*Work task*: What you return must be an exact copy of the lines in the listing below between the line holding "2210 Pearl Street 203, Austin" and the line holding "Hyundai Solaris II", inclusive, and nothing more.

*Supplied information*:
● ● ● ● ●

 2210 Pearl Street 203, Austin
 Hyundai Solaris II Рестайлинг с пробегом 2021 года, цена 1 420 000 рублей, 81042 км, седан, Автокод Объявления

● ● ● ● ●

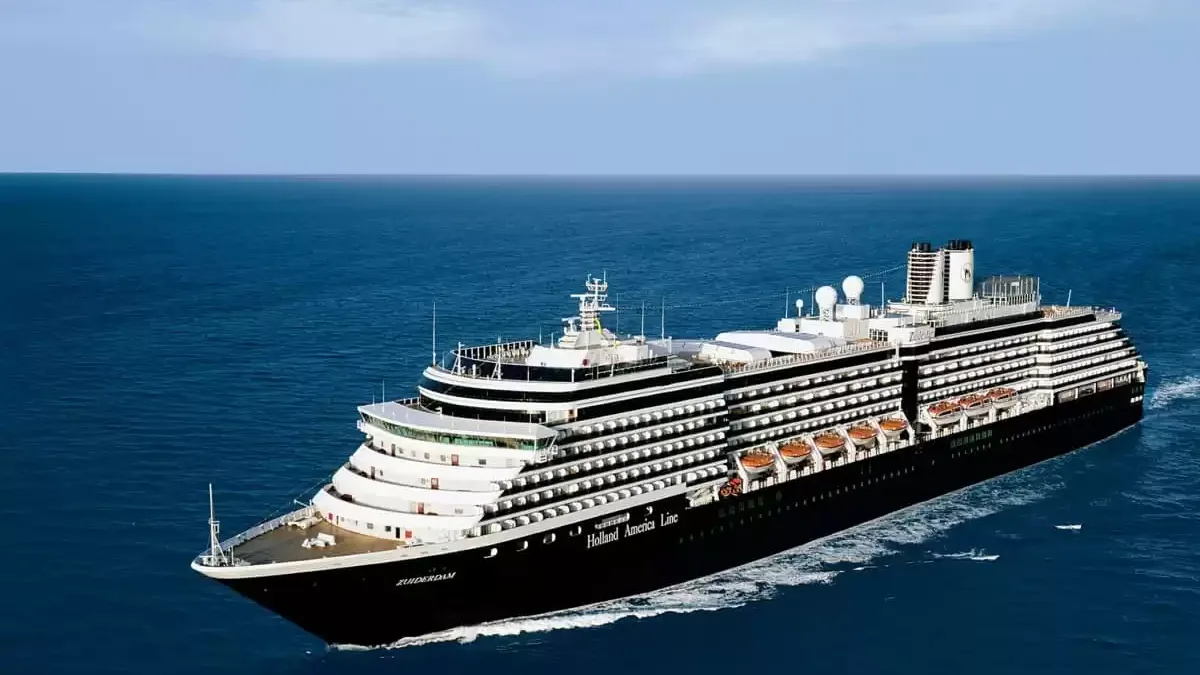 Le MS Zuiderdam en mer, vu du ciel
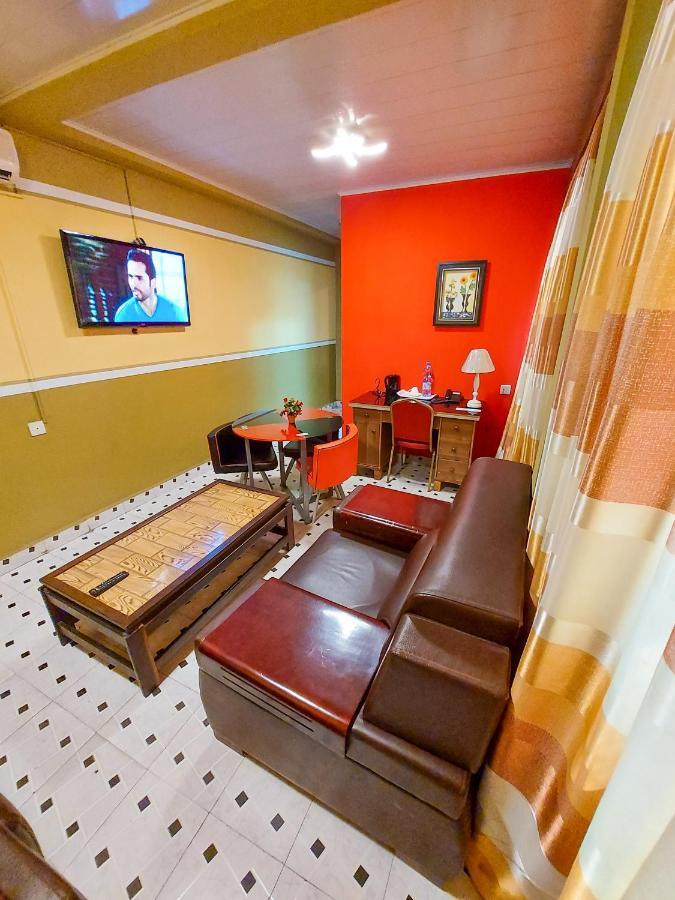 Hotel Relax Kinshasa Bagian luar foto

● ● ● ● ●

*Solution*:
 2210 Pearl Street 203, Austin
 Hyundai Solaris II Рестайлинг с пробегом 2021 года, цена 1 420 000 рублей, 81042 км, седан, Автокод Объявления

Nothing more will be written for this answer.